**TASK BRIEF:**
Taking the entries below, transcribe only the lines starting with the one with "Secrétaire Louis Philippe" and going on through the one with "Eco-friendly foldable recycle", exactly as written, without the pictures.

**MATERIAL FOR THIS TASK:**
+===+
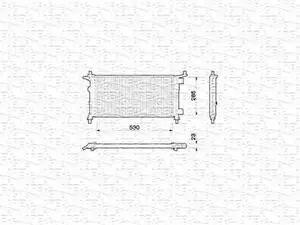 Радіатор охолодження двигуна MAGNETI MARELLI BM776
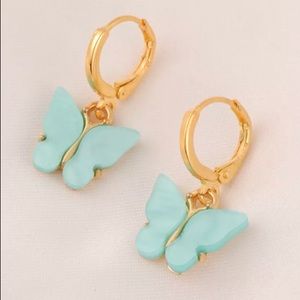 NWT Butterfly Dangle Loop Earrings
+===+
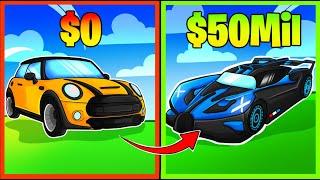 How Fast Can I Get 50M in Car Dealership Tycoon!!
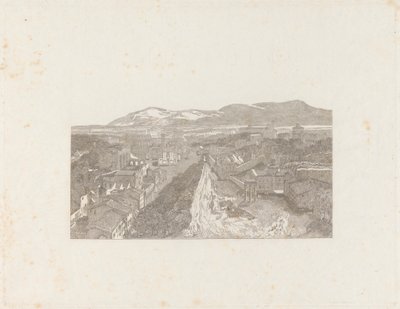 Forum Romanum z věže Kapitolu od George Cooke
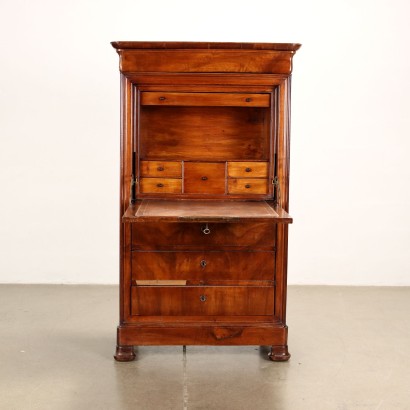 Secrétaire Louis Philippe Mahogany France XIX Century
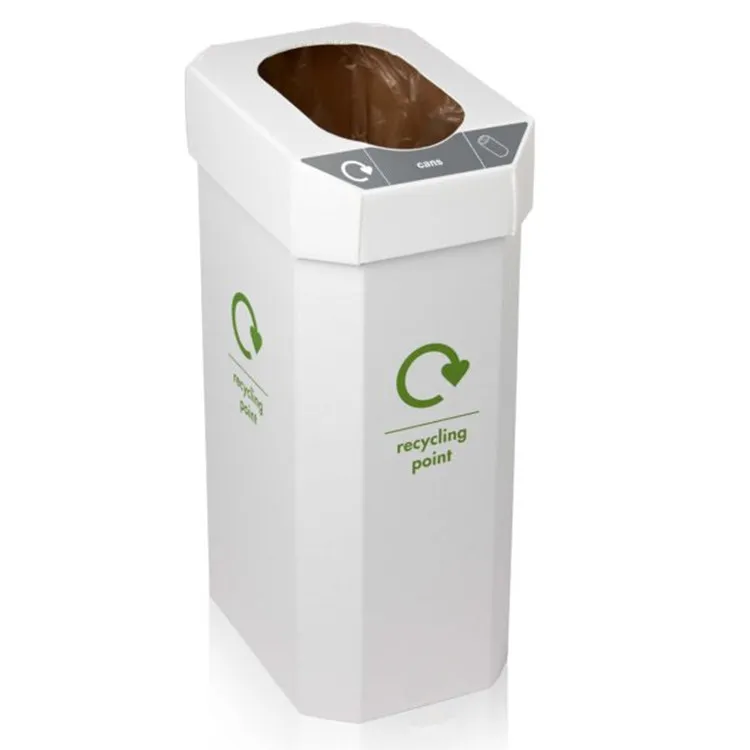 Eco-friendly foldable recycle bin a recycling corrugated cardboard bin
+===+
**SOLUTION TO THIS EXERCISE:**
 Secrétaire Louis Philippe Mahogany France XIX Century
 Eco-friendly foldable recycle bin a recycling corrugated cardboard bin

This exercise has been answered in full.